Immigrant rights advocates say Democrats must deliver this year after decades of promises.

“We have advocated for extensive permanent residency over and over again, decade after decade. We have demonstrated our loyalty, our courage and our commitment to this country, ”said Angélica Salas, executive director of the Coalition for the Human Rights of Immigrants. “After 35 years of obstruction, the other party no longer has credible excuses to keep us without legalization.”

Experts on the left and right say the final determination as to whether the amnesty can be used in reconciliation is whether illegal immigrants represent a “net benefit or a net loss” from the federal budget.

An analysis by the Congressional Budget Office of a 2007 legalization proposal found that it would increase the deficit by “several billion dollars a year.”

A recent report published by the Center for Immigration Studies indicates that adding 8 million immigrants to the federal rolls would cost Social Security and Medicare more than $ 1 trillion, which could violate the rule not to increase the deficit beyond the budget window.

“It appears that these long-term costs could affect whether the reconciliation bill meets the requirement of not increasing deficits after 10 years,” wrote Jason Richwine, a resident scholar at the center.

Democrats are willing to take the risk.
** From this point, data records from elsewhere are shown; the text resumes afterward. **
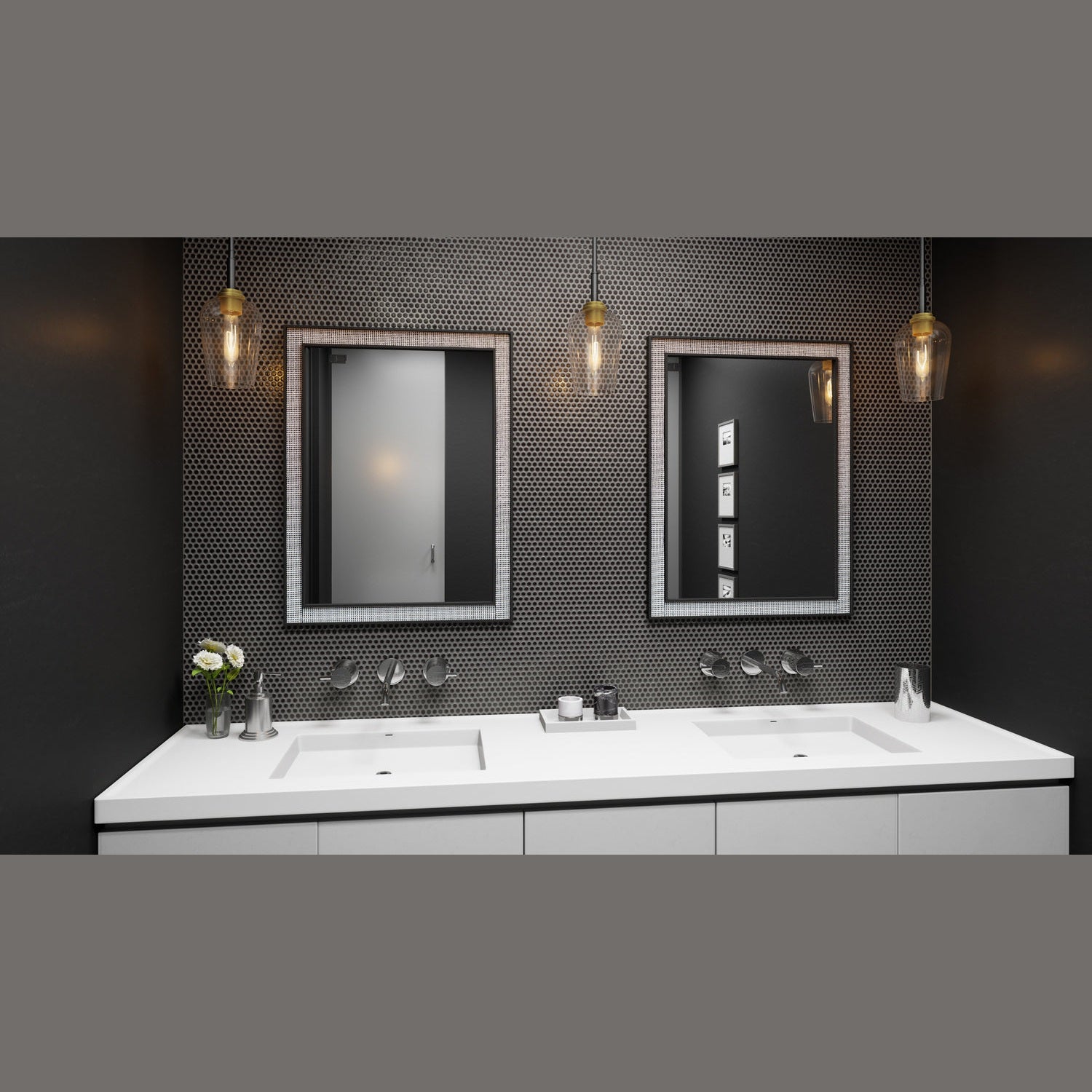 Quoizel - SGR1505EK - One Light Mini Pendant - Sagamore - Earth Black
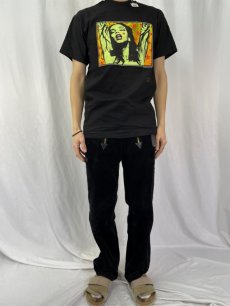 画像2: 90's KOZIK アートプリントTシャツ BLACK M DEADSTOCK (2)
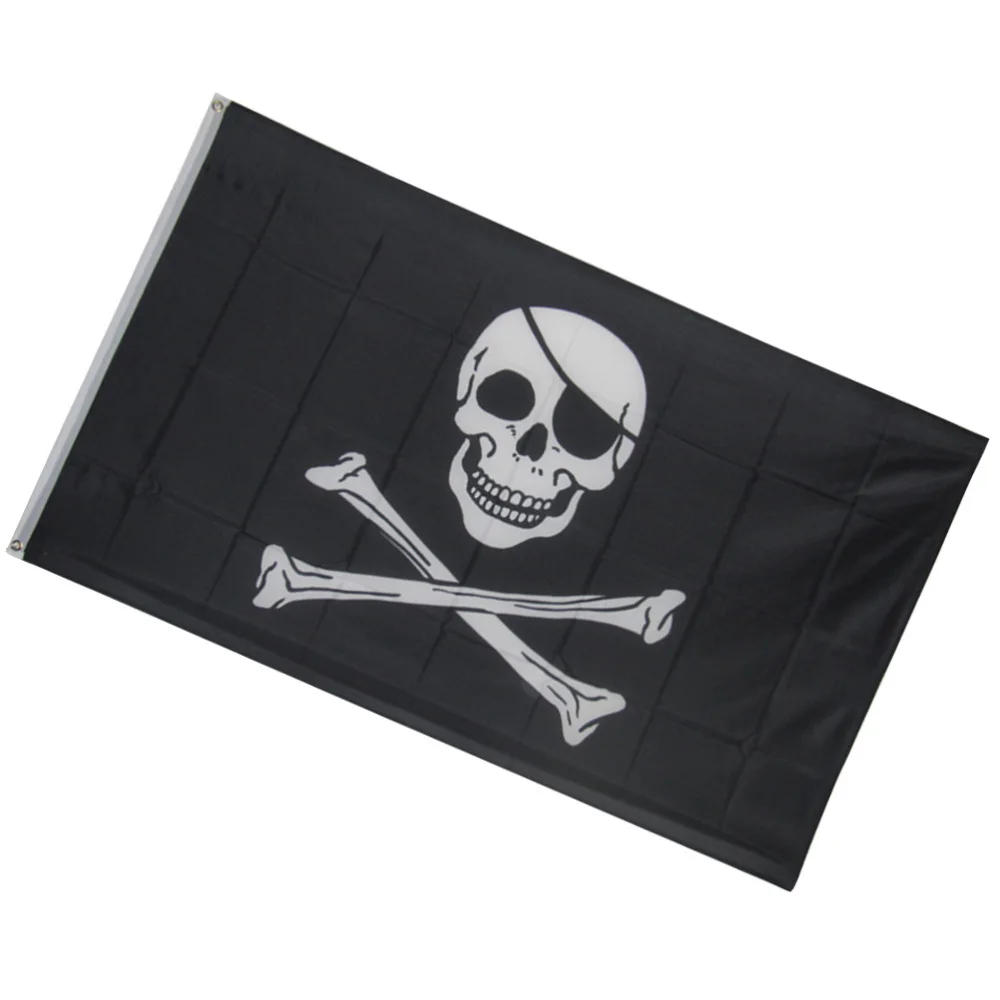 

1PC 90x150cm Pirate Flag Creepy Home Haunted House Decoration Cosplay Supplies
They say comprehensive immigration reform is implausible in the uniform division Senate.

“We prefer a bipartisan agreement, even if it is not all that we would like to see,” said Senator Robert Menendez, a Democrat of New Jersey. “But in the absence of doing that, those of us who believe in immigration reform feel that we have to at least pursue this option and see if it is viable.”

Republicans say Democrats have refused to budge.

“Just because Senate Democrats refuse to work with Republicans on a bipartisan bill, [the] The fate of citizenship for ‘Dreamers’ currently depends on the Senate Parliamentarian, ”said Senator John Cornyn, Republican of Texas.

Even if the Democrats beat Ms. MacDonoughWith the procedural questions passed, they will still struggle to maintain unity in their ranks on politics, said Stephen Yale-Loehr, a law professor and immigration scholar at Cornell University.

“In short, to be successful, Democrats must pass a very thick immigration thread through a very small legislative needle,” he said.

Stephen Dinan contributed to this report.